Ruebenacker and Blinov (2010) describe how large web-based data sets (referred to as the Systems Biology ‘Cloud’) can be processed efficiently into annotated computational models. The key elements of this conversion are taken to be: (1) the representation of processes (e.g., sets of biological reactions) and substances (e.g., sets of biological specimens) and (2) the grouping of entities into ‘views’ (e.g., a bipartite graph representing the interactions concerned). Different aspects of these key elements as well as manipulation tools are discussed, and the advantages in comparison to other existing mark-up languages of a specific Java application (SyBil) are highlighted.

Nikolov et al. (2010) present and discuss a differential equation approach to link miRNA translational control with cell signaling networks. Data on protein–protein interactions and miRNA regulation obtained from bioinformatics databases are integrated with the multifactorial network modeling approach and an exciting application to colorectal cancer, in terms of the progression of several tumour subtypes, is discussed and analyzed.
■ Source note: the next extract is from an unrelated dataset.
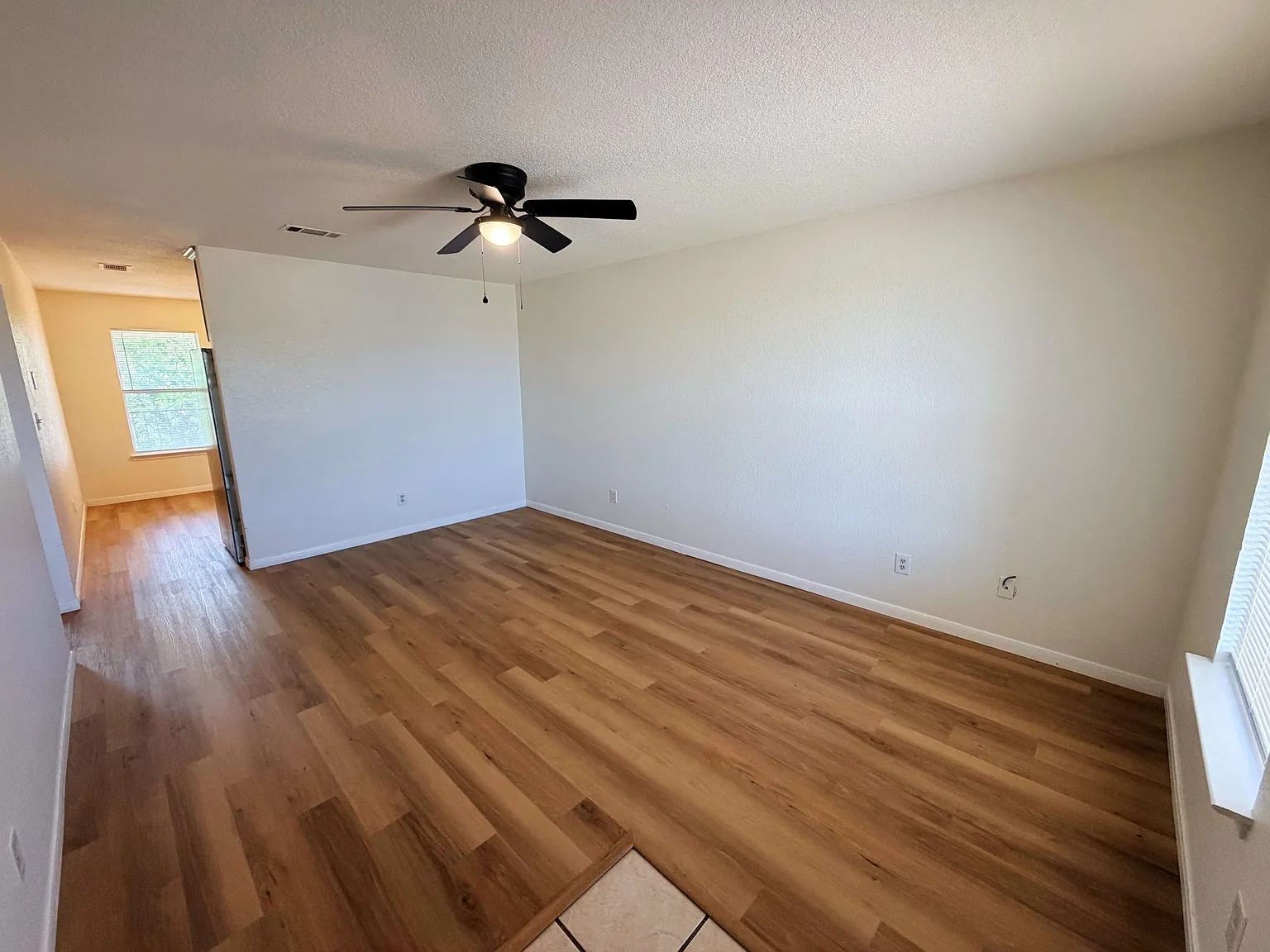 2 bed, 895 sqft, $1,250 — Photo 2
Finally, the article by Schuster (2010) presents a summary of the status of mathematical modelling of evolution at the molecular level. He begins with classical models of selection resulting from competition under logistic growth. The article then goes on to discuss how combining this theory with Mendelian inheritance leads to population genetics; molecular evolution is introduced and an approach to model it as a process of replication and mutation is presented. Error thresholds, fitness landscapes, and genotype-to-phenotype maps are discussed. Finally, the existence of neutral sets of genotypes and the necessity for stochastic molecular simulation approaches are considered.